Person-to-person payments are hot these days, and PayPal Holdings Inc. has one of the hottest products in the market with its Venmo service. But as PayPal revealed Wednesday, Venmo can create some friction for its parent even as it vitally expands its payments business.
PayPal reported $14.2 billion in payment volume for its P2P service in the quarter ended June 30. That’s a robust 78% year-over-year increase and not far off the 80% growth rate reported in the first quarter. The company has doubled down on its investment in Venmo with its Pay With Venmo and Venmo Card products, both of which take advantage of Venmo’s popularity to confer merchant-payment capability on what had been a pure P2P play.
But P2P with Venmo is free to users, which continues to take a toll on PayPal. It reported its take rate—the portion of overall transaction volume that it keeps—continued to drift downward in the second quarter, notching a decline of 14 basis points year-over-year to 2.77%. PayPal blames a number of factors for the drop, but Venmo looms as a significant cause.
That’s why the San Jose, Calif.-based payments giant is pinning such big hopes on Pay With Venmo and the Venmo Card, a product cobranded with Mastercard that allows users to tap their Venmo balance at stores, though executives on Wednesday cautioned analysts not to expect quick results. “We’re still in early innings there for sure,” PayPal executive vice president and chief operating officer Bill Ready said during the company’s earnings call. Still, he pointed to a “great pipeline” of merchants interested in adding Venmo payment buttons. And the card “has seen really strong interest from our customer base,” he added.
In addition, another new initiative called “smart payment buttons,” which PayPal has introduced to enable merchants to more easily add PayPal-related options to their checkouts, “will allow a dedicated Venmo payment button,” Ready said. Merchants—and impatient investors—can’t expect quick results, he cautioned. “We’re just getting these products out to market. It’s a multiyear journey,” he said.
Overall, PayPal executives were at pains to make sure talk of a falling take rate didn’t dominate discussion of what in many respects was a strong quarter. The company expects to add fully 30 million net new active accounts this year, president and chief executive Dan Schulman said, building on performance so far. The company now claims 244 million total active accounts, up 15% year-over-year, including 19.5 million merchant accounts.
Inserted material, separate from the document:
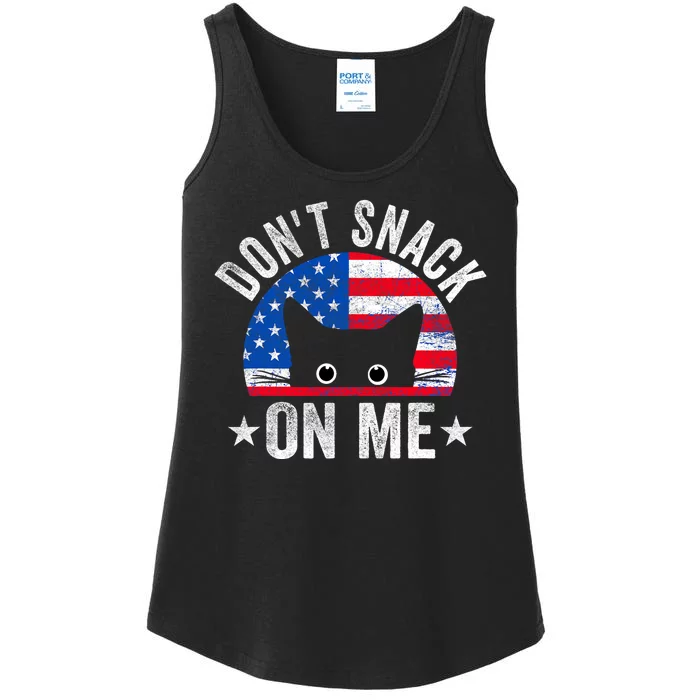 DonT Snack On Me Funny Cat Meme Ladies Essential Tank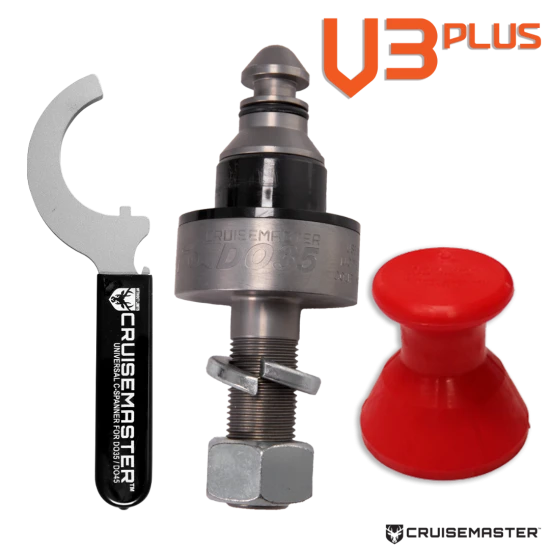Cruisemaster DO35 V3Plus 3.5T articulating off-road trailer hitch coupler with handbrake CMDO35WHB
So-called customer engagement, a statistic PayPal follows closely, grew to 35.7 transactions per active account, up 9% year-over-year. In a reversal of what most observers would expect, newer users are actually more active on PayPal than ones that have been with the company longer, Schulman told analysts.
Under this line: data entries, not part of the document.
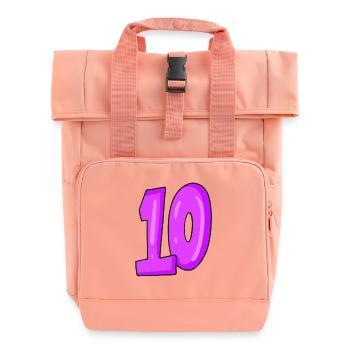 10 - Roll Top Backpack with Two Handles - chintz rose - Front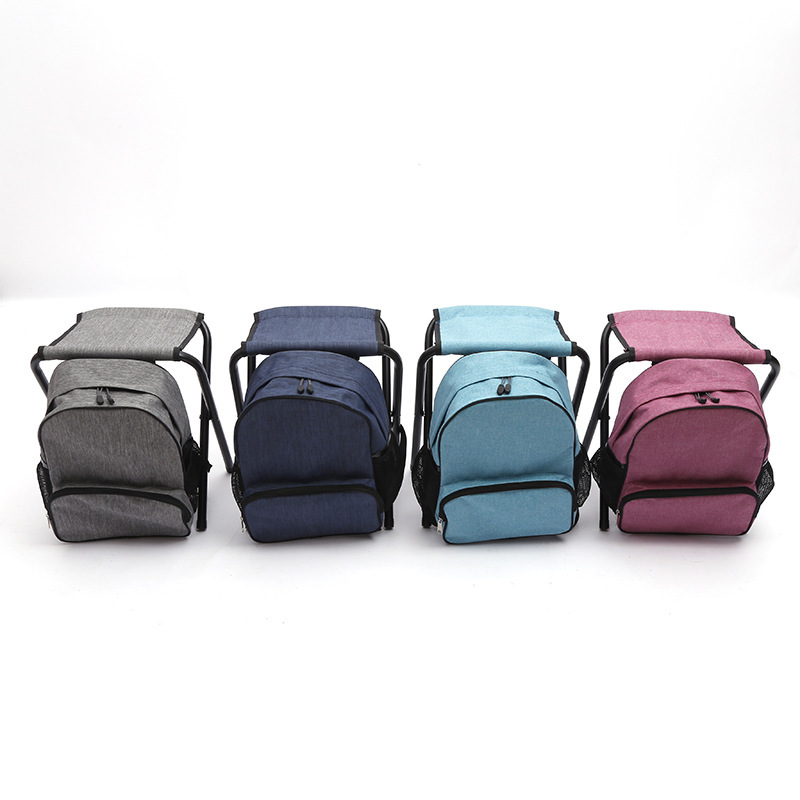 New Outdoor Folding Chair Portable Backpack Chair Detachable Leisure Furniture Ice Pack Folding Stool Chair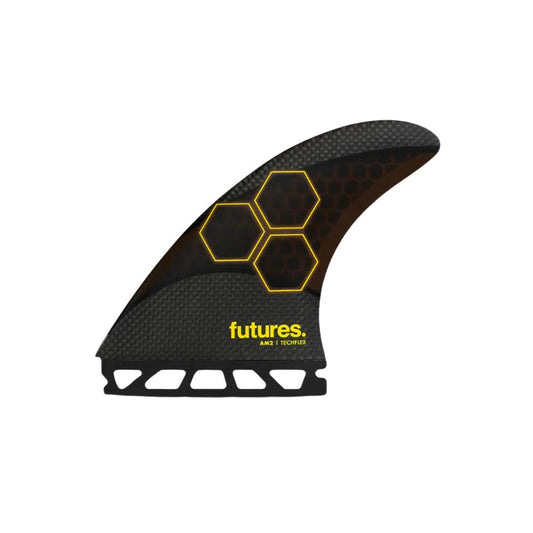 Futures AM2 Techflex Thruster Fins (Single Tab) - Black/Orange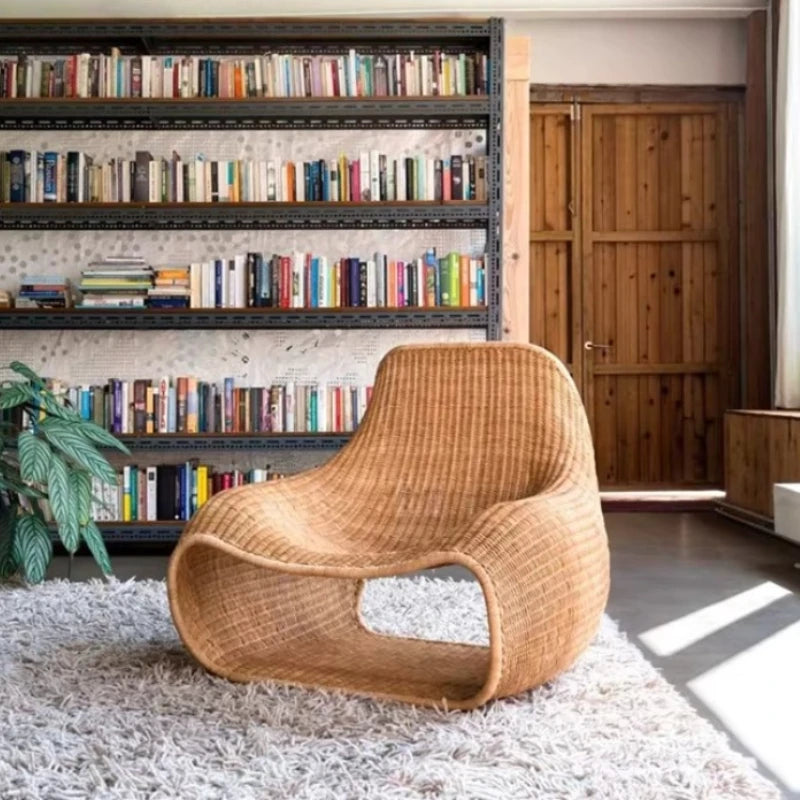 Simple Creative Living Room Chair Homestay Balcony Popular Retro Living Room Chair Home Furniture Sedile Per Soggiorno YS40CC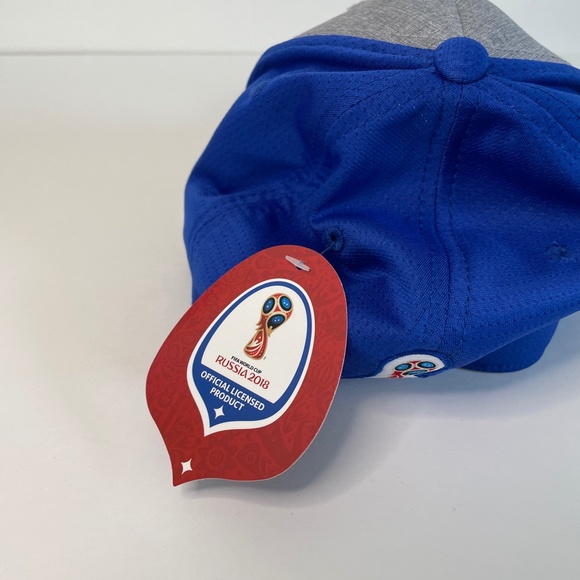 NEW France Hat Gray Blue World Cup Russia 2018 FIFA Soccer FFF Mens - Picture 7 of 10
Schulman also pointed to the strength of One Touch, a biometric authentication technology in which some 102 million consumers have enrolled and which 9.5 million merchants offer. “It’s the fastest-growing product in our history,” he noted.
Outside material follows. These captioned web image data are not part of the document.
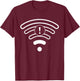 Low No Wifi Signal Lazy DIY Funny Halloween Costume Matching T-Shirt - T-Shirt | Maroon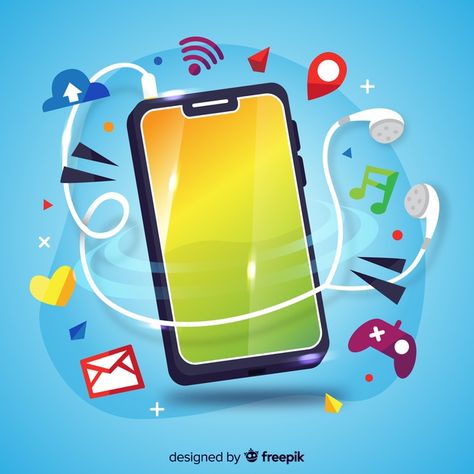 Antigravity mobile phone with social med... | Free Vector #Freepik #freevector #background #technology #icon #phone Social Media Elements, Mobile Pic, Mobile Pictures, Communication Images, Onboarding App, Mobile Images, Hand Holding Phone, Phone Pic, Icon Phone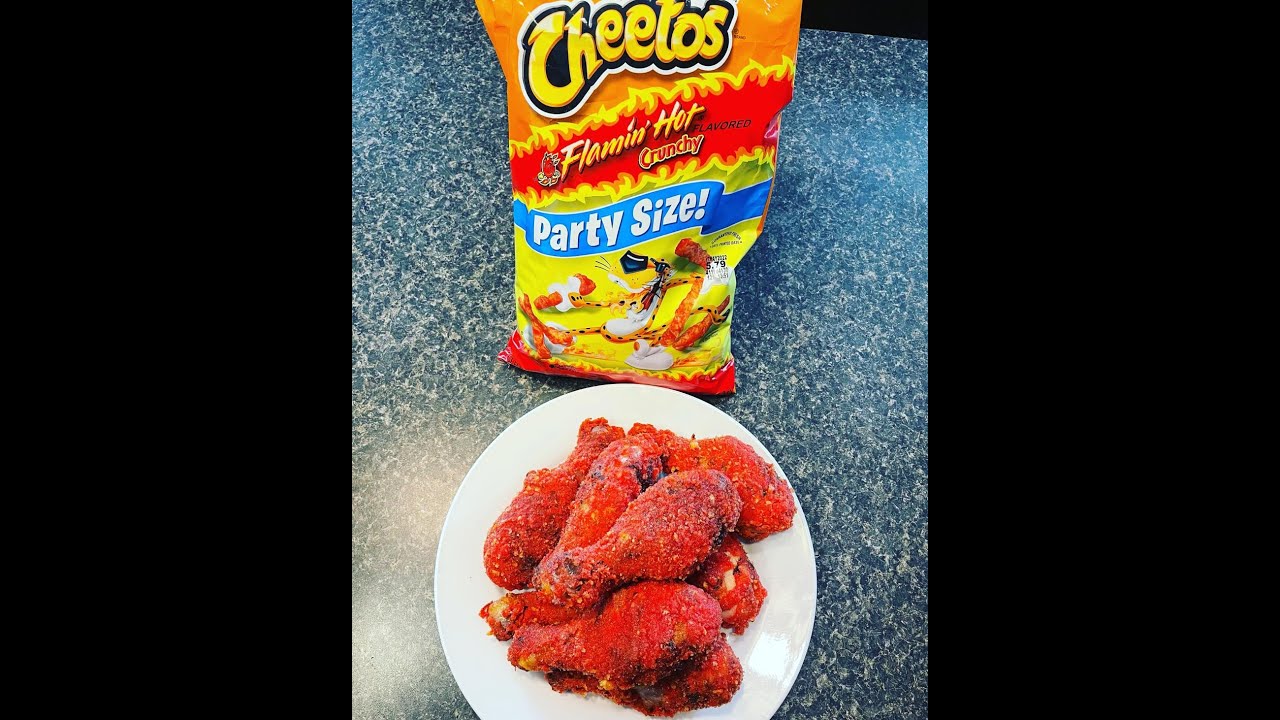 Hot Cheeto Chicken Drumsticks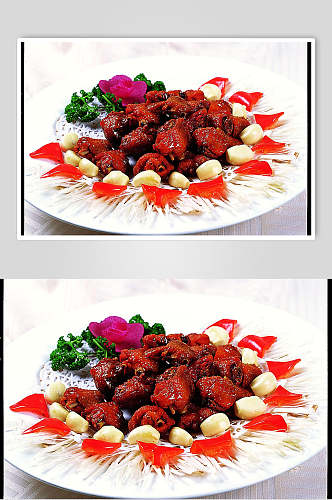 竹网鸡中翅食物食品图片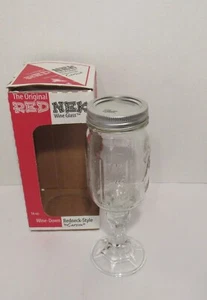 La copa de vino tinto original con tapa de Carson, para todas las bebidas, frasco Mason - Imagen 1 de 12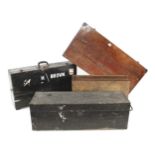 Two joiner's carrying cases and a small box G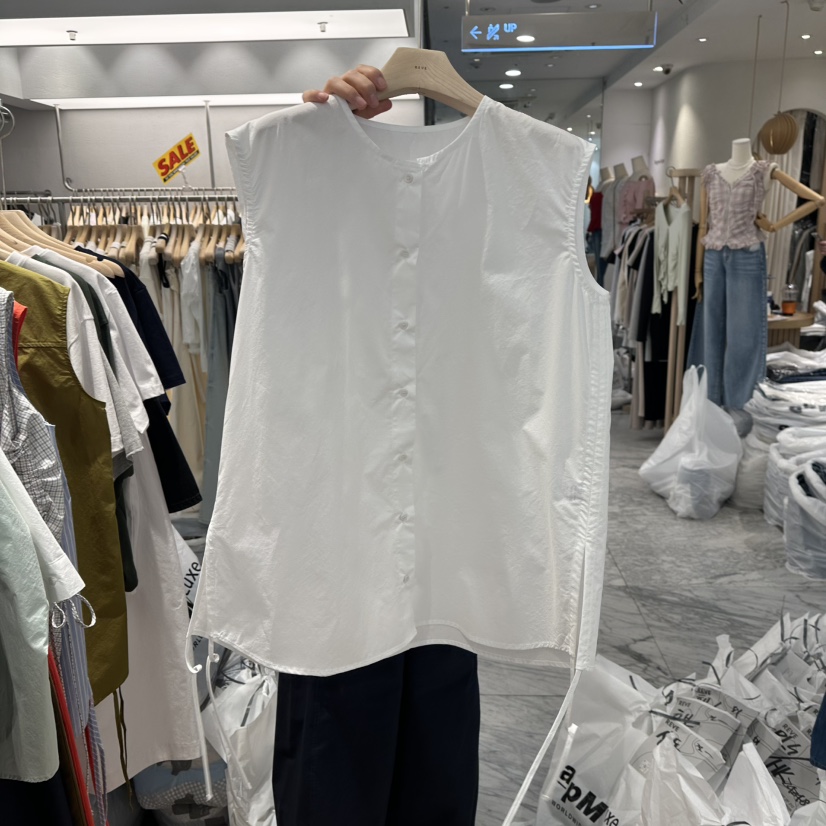 REVE-L韓國㊣直郵東大門代購女裝新品休閑時尚25春夏熱賣馬甲REVE-L馬甲圖色3實際價格39000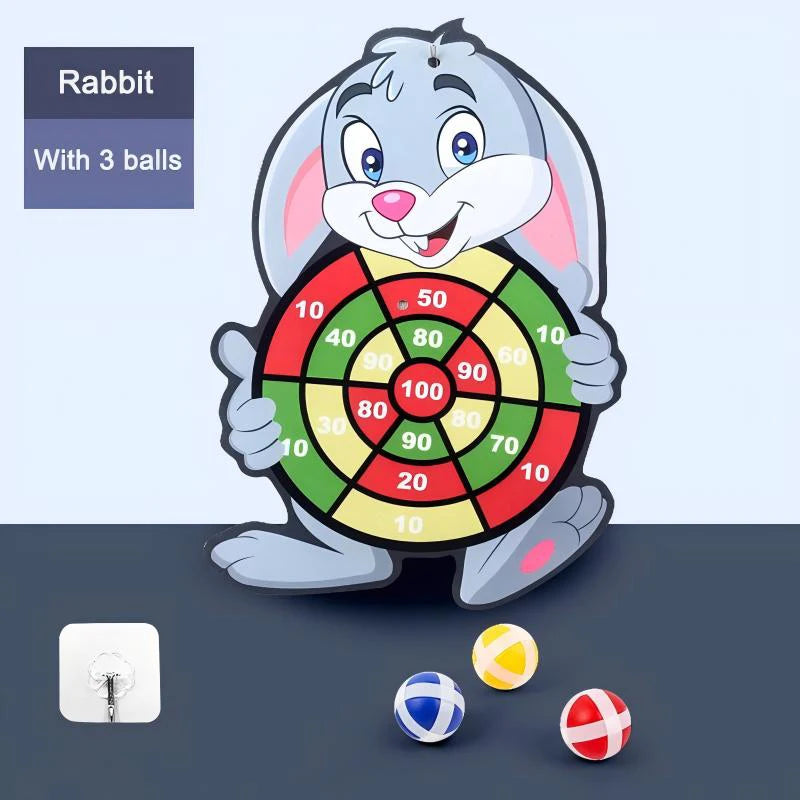 Kids Sticky Dart Board Game | Safe Montessori Throwing Toy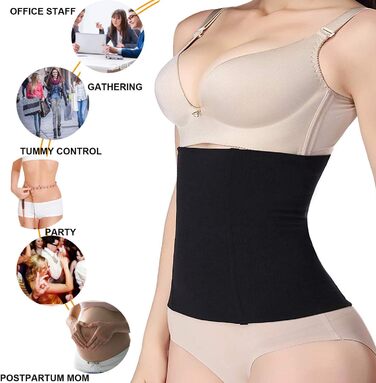 Жіночий корсет Underbust Tummy Control Waist Trainer Elastic Postpartum Belt Postpartum Support Waist Cincher Belly Waist Body Shaper Black L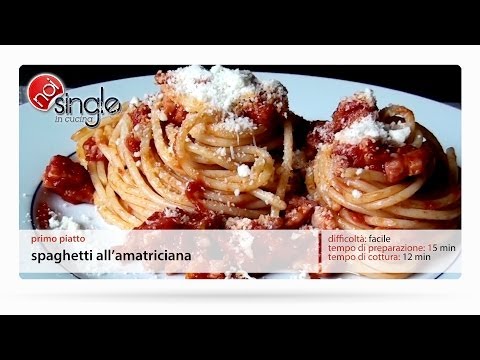 Spaghetti all&#039amatriciana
Schulman earlier this month said PayPal, which has acquired four companies so far this year, including Europe’s iZettle point-of-sale vendor for $2.2 billion, has no intention of closing its wallet, a point he reinforced Wednesday. “We will continue to be quite acquisitive going forward,” Schulman said. “We’re not ruling out the opportunity for a larger acquisition if that comes around.” The company has already set aside between $1 billion and $3 billion for acquisitions.
All told for the quarter, PayPal recorded $139 billion in payment volume, up 27% from 2017’s second quarter, on 2.3 billion payment transactions, up 28%. Mobile volume was $54 billion, 39% of total volume.